Page 10 of Rescuing Ally, Part 2 (CHARLIE Team: Guardian Hostage Rescue Specialists #8)
TEN
False Hope
ALLY
Fourteen hours.
That’s how long I’ve been staring at screens, building simulations, fighting against my own mind.
My fingers twitch over the keys, muscles locking tight from hours of stillness.
The tendons in my shoulders tug like overstretched cables, aching with every breath.
Blinking does nothing—grit scratches across my eyes like ground glass.
Overhead, the lights strobe just enough to twist the inside of my skull, each flicker a nail hammered behind my eyes.
I press my palms to my temples, as if outward pressure can keep my head from splitting open.
The work itself is the real torture. Every line of code I write brings Malfor’s system closer to functionality. Every problem I solve moves the quantum entanglement network toward viability.
I deliberately introduce subtle flaws—mathematical inconsistencies that will cause cascading failures—but can’t risk making them too obvious. Malfor’s other scientists might not understand quantum physics at my level, but they’re still brilliant.
And just as trapped.
Guards change shifts.
Dr. Rafeeq brings me lukewarm tea that tastes faintly of metal.
Dr. Elkin nods at my progress, his collar gleaming under the harsh lights.
No one speaks beyond necessary technical exchanges.
The unspoken hangs between us—we’re all building something that could destroy millions of lives, and none of us have a choice.
When they finally march me back to the cellblock, my body moves on autopilot. The rhythm of boots against concrete, the distant crash of waves against the island’s shore. A curious hollowness has replaced fear, as though my emotions have retreated somewhere beyond the collar’s reach.
The first thing I notice when they unlock my cell door is Rebel’s arm.
It’s been properly set. Professional splint, actual medical gauze, and even the swelling is reduced. Her color has improved from death-gray to merely exhausted. She catches my eye across the cellblock and raises her good hand in a tiny gesture of acknowledgment.
The door locks behind me with that same magnetic thunk. My knees give out, dumping me onto the thin mattress. The cellblock remains silent for several minutes as we all listen for departing footsteps, for any sign the guards remain within earshot.
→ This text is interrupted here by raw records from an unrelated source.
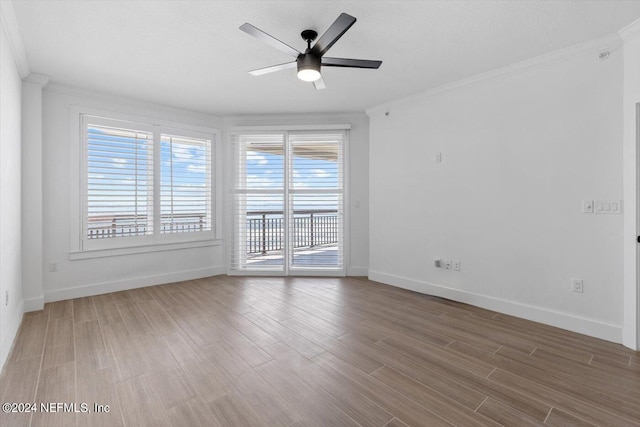 spare room featuring a textured ceiling, ornamental molding, hardwood / wood-style floors, and ceiling fan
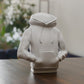 a white statue of a person sitting on a table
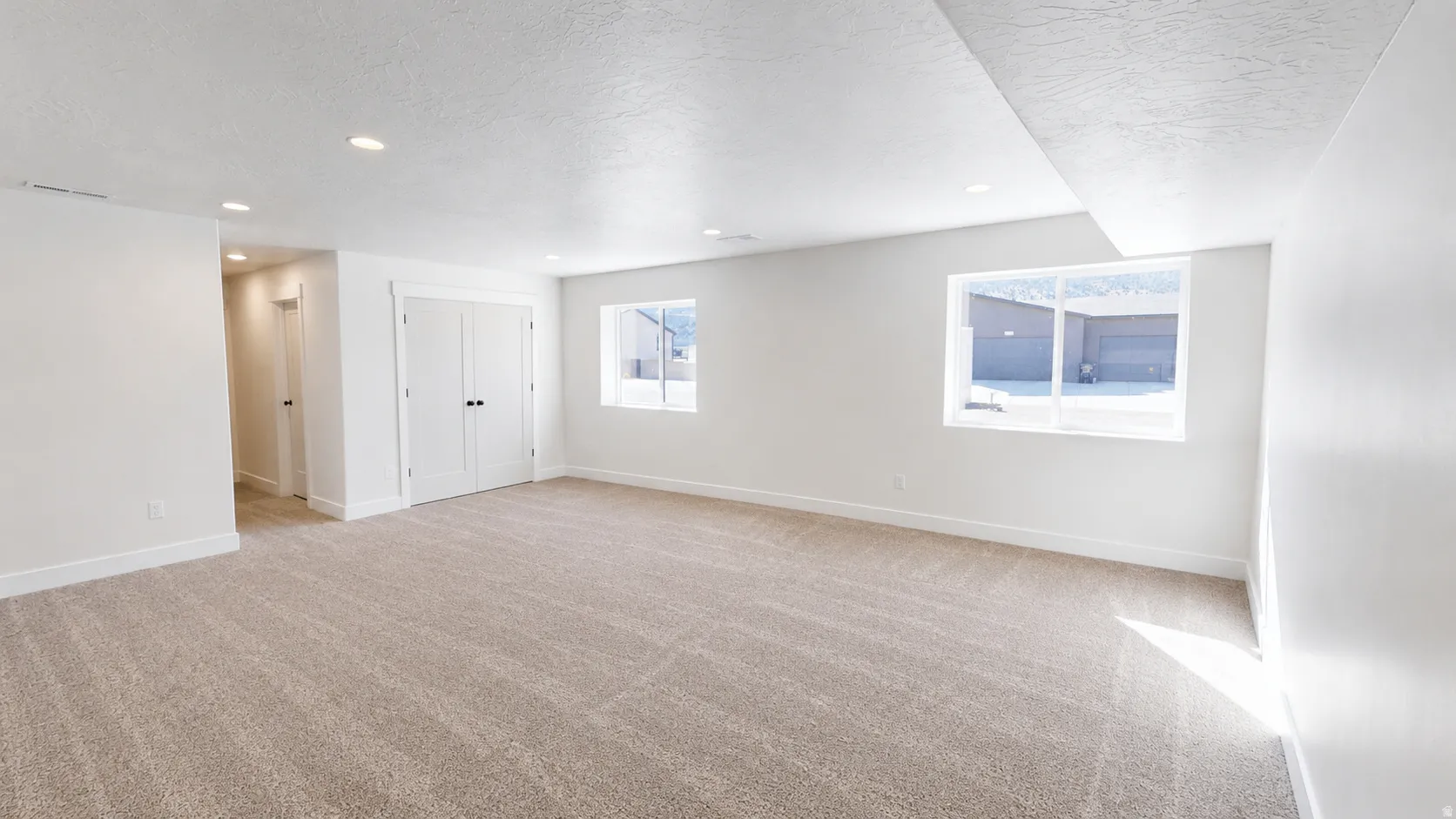 Recessed lighting, carpeted flooring, white trim, and white walls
“You look like shit.” Rebel’s voice drifts across the space between us, rough with pain but alert.
“Better than you.” The words scrape my throat raw.
“Debatable.” Her laughter turns into a wince. “At least I got the good drugs.”
Before I can respond, boot heels tap their deliberate rhythm down the corridor. Not guards—they shuffle and stomp. This measured cadence belongs to only one person.
Malfor appears before my cell, hands clasped behind his back, satisfaction radiating from him like heat.
“Productive day, Miss Collins?” His smile never reaches his eyes.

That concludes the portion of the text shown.